When he answered her, he murmured directly into her ear.
“More flattery? I am sure that I can think of a few such things to say, my dearest Warden, but I did not think you were the t—”
“No,” she said, impatient. When she turned them both and tripped him onto her bedroll, he fell so easily that he must have done so on purpose. Arianwen did not care. She cared only that she could finally feel him pressed against her at last. A relief, though it was relief that did not lessen the need at all.
“More,” she told him again, and caught his laughter on her tongue when she pressed her mouth to his. Zevran felt just as good as she remembered—better, perhaps, because she had already begun to doubt her own memory. He moved with her whenever she shifted, tilting his head when she angled hers, tucking his fingers beneath her collar when her fingers trailed across his cheekbone.

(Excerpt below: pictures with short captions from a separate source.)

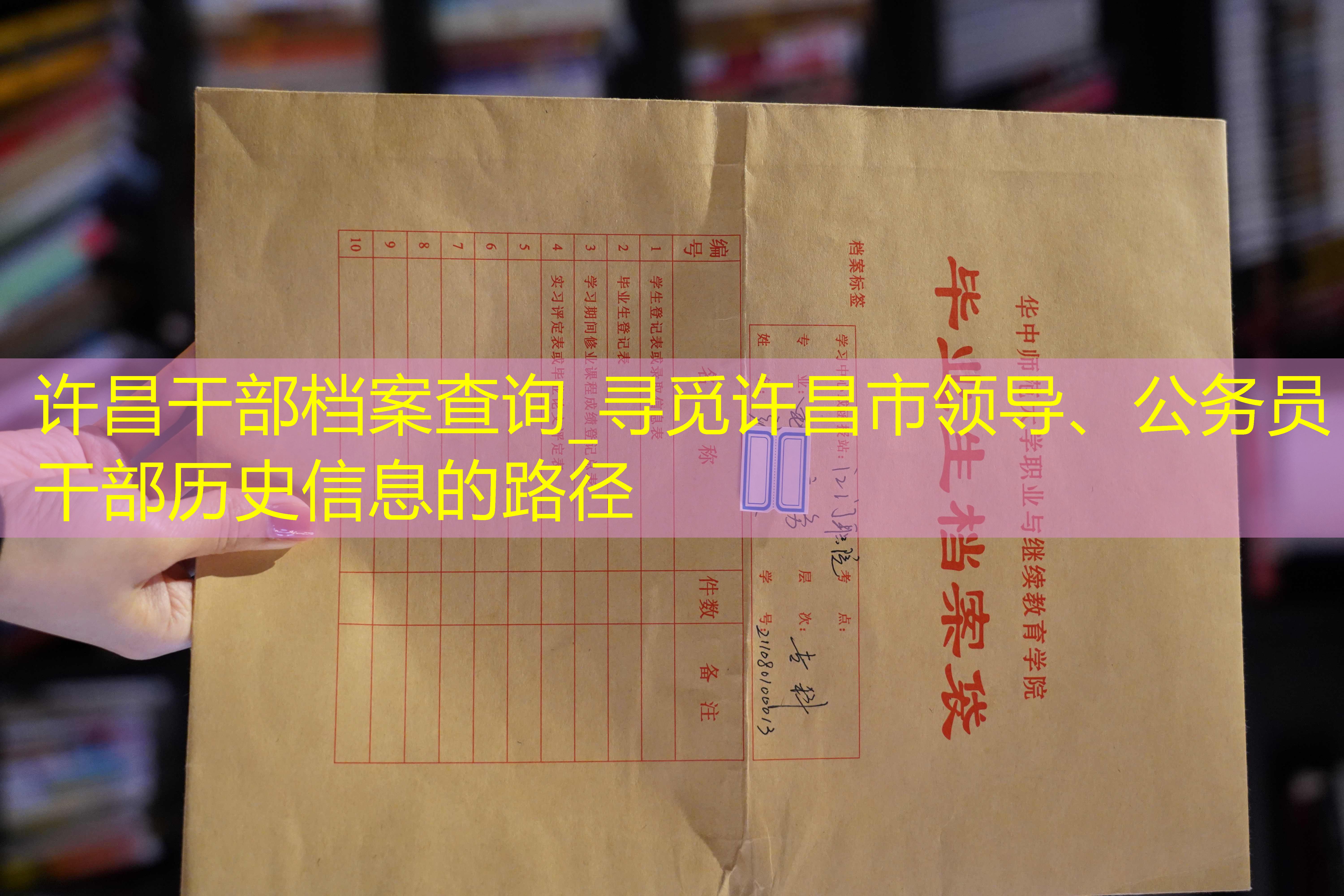 档案查询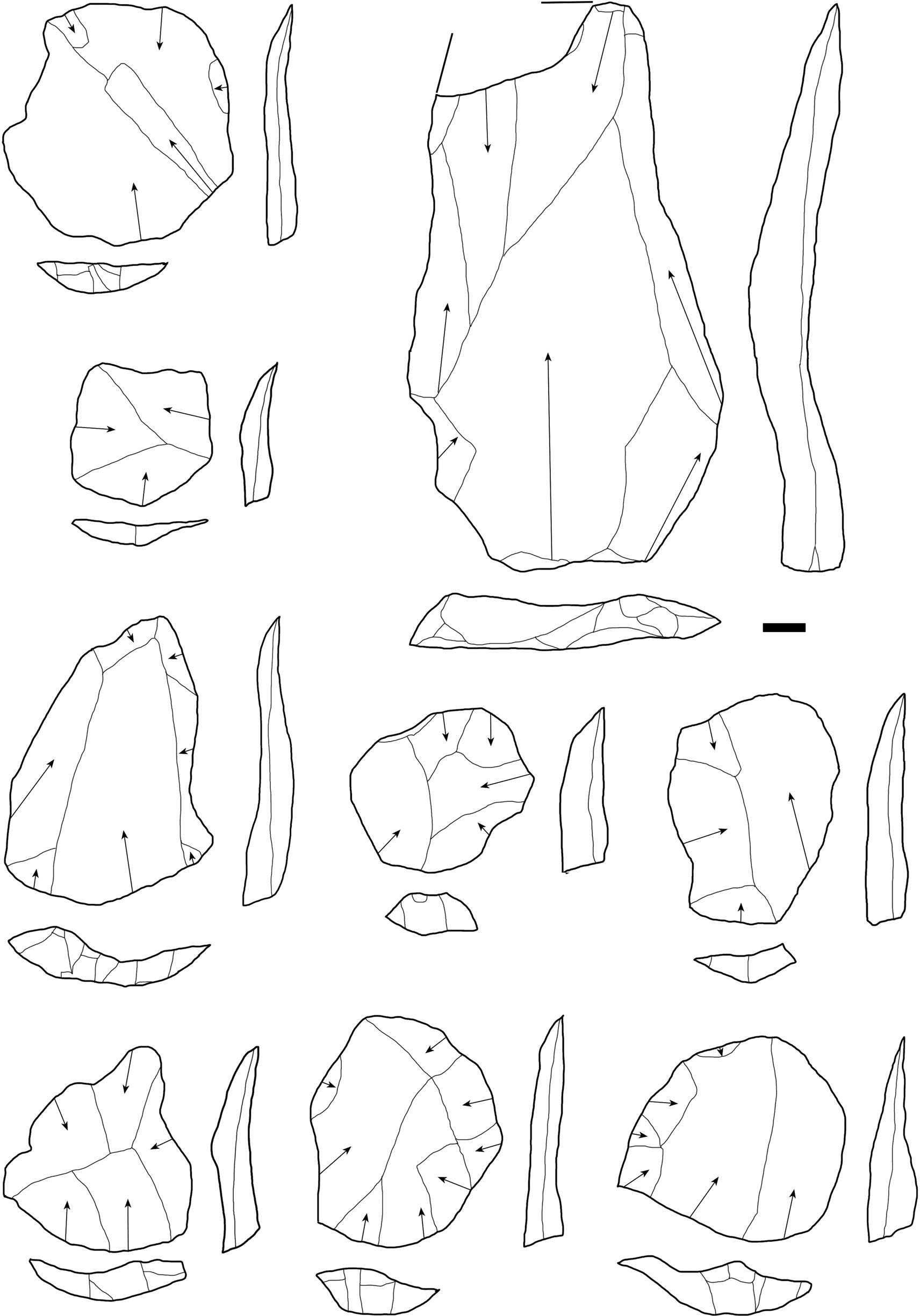 Extended Data Fig. 8: Levallois flakes from assemblage C, KAM 4 (MIS 7).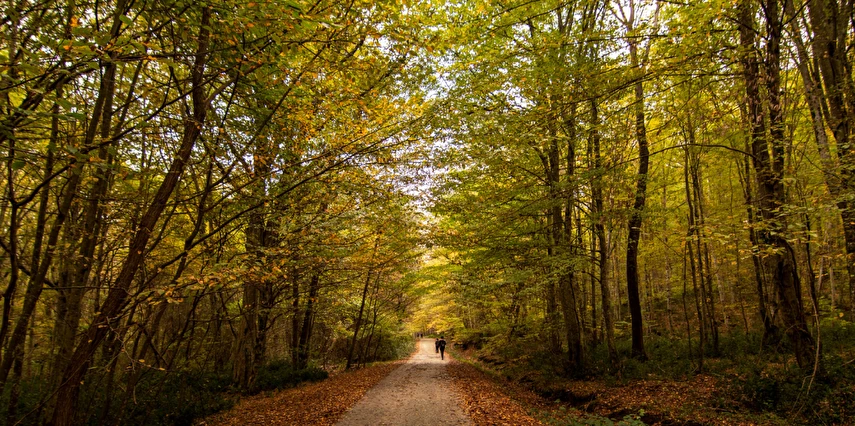19 Mayıs Özel Edirne Kıyıköy İğneada Turu / 1 Gece Otel Konaklaması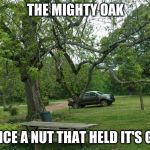 Oak Tree | THE MIGHTY OAK; WAS ONCE A NUT THAT HELD IT'S GROUND | image tagged in oak tree | made w/ Imgflip meme maker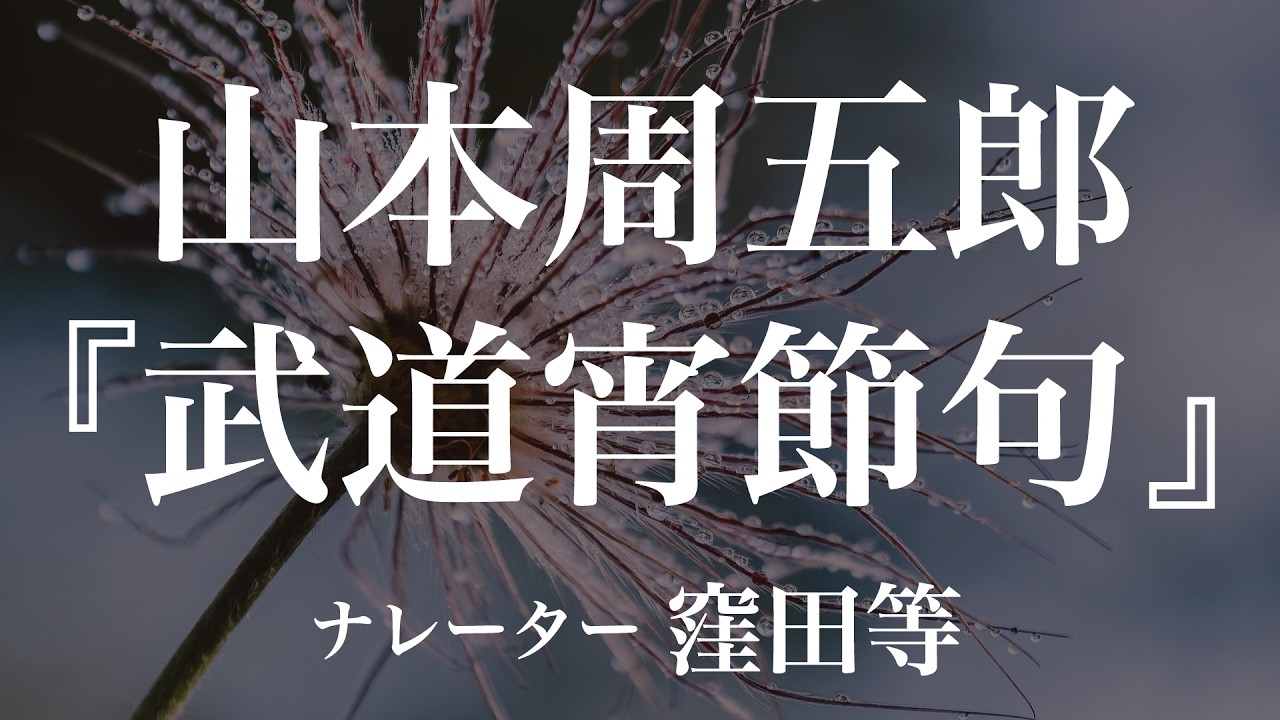 『武道宵節句』作：山本周五郎　朗読：窪田等　作業用BGMや睡眠導入 おやすみ前 教養にも 本好き 青空文庫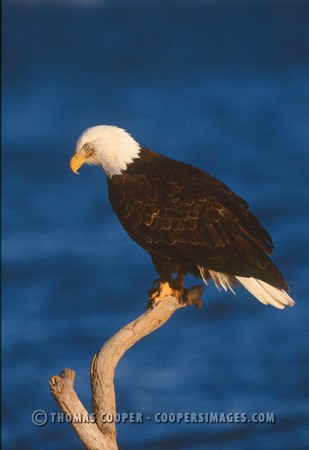 Bald Eagles - 2004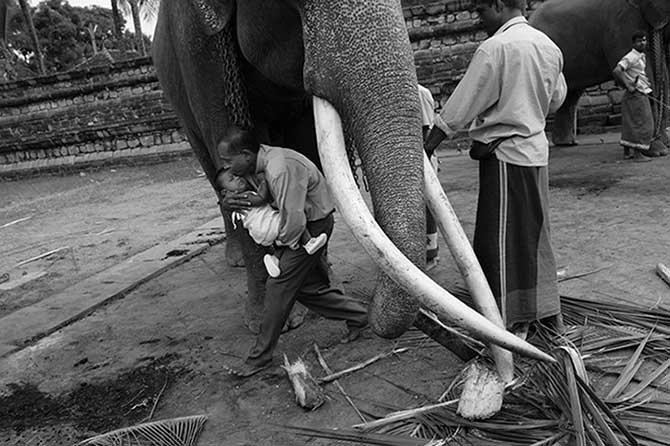 Сложные отношения азиатов со слонами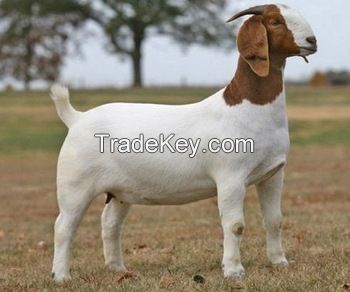 Pure Breed Boer Goat for sale from United Kingdom 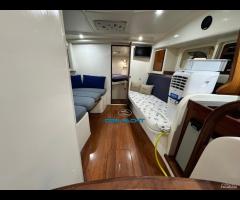 Gagliotta gagliardo 37 - 19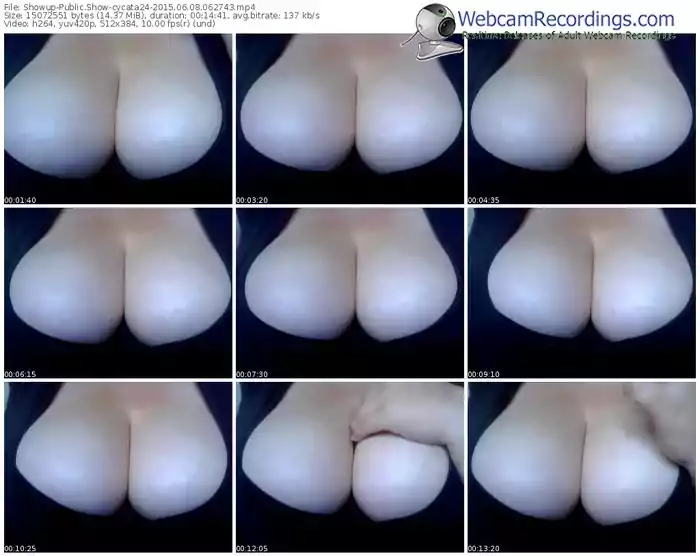 showup-cycata24-public-show-06_08_2015-06_27_43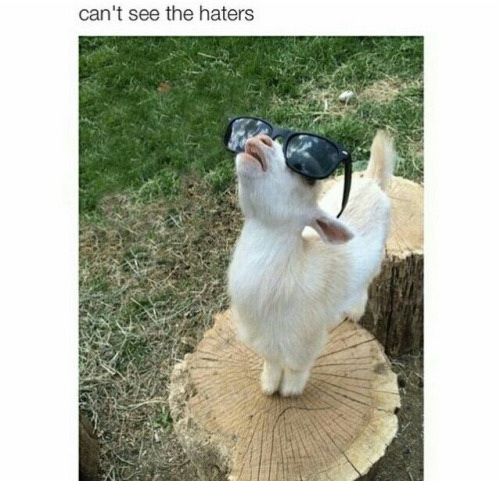 Can't see the haters
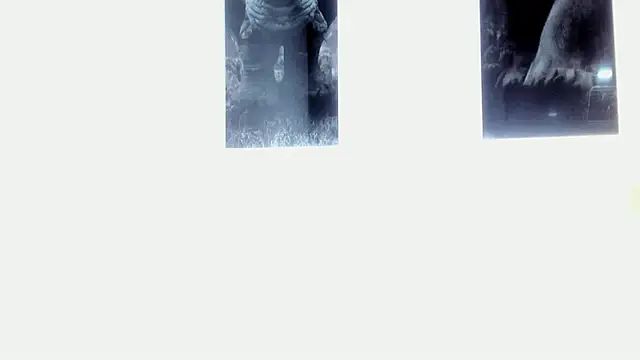 AlexRivera6 online show from March 2025 11:43:02 PM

“Impatient,” he murmured when she abandoned his mouth in favor of his neck, his voice low and breathless. Wen grunted in response and nipped at the warm skin there. His pulse thrummed against her mouth, frantic as her own heartbeat and twice as precious. She traced the skin with her tongue when she was finished, soothing the small hurt she’d set against his skin.
“Perhaps I am impatient, too,” he said. She did not know how he had grown so skilled at kissing her in the dark when he had only a night’s practice at it. She hovered on a dagger’s edge, much as she had the night before; unlike the night before, she knew she would not run from this. When it was almost too much to bear, she twisted a lock of his hair between her fingers and found herself anchored again.
Zevran’s hand slipped lower, lower down her back. The knife she’d tucked behind her shifted slightly.
“You should be more careful,” he said between kisses. “Leaving your blades where anybody can find them. Someone dangerous could take it, yes?”
Wen nudged his nose with hers, searching in the dark for what little she could see of his face. The faint light flashed in his eyes, there and gone in a heartbeat.
“But not you,” she said.
After a moment, he squeezed her hip. His hand slid away from the knife, tracing the length of her spine instead.
“Not me, no,” he agreed. She could feel his voice now as much as she had felt him not touching her earlier. She wanted his words and wanted them to stop in equal measure, but silence was the easy choice. It had always been kinder to her.
Wen leaned forward to kiss him again. If she shut her eyes very tightly, she could feel his body wherever it touched hers, could focus more completely on his hair wrapped around her fingers, on his fingernails where they dragged lightly against the base of her skull.
If she had left them open, she might have seen the way he looked at her all the while—might have known that he watched her as intently as she had not watched him before.
In fact—she did not think of her dagger at all.
But this was not something she was ready to see. Instead, she squeezed her eyes shut as tight as they could go.
Zevran rolled her onto her back several minutes later, the motion as natural and obvious as the moon rising somewhere outside her tent. When he set her dagger to the side, Arianwen neither lifted it from the blanket nor drew it from its sheath.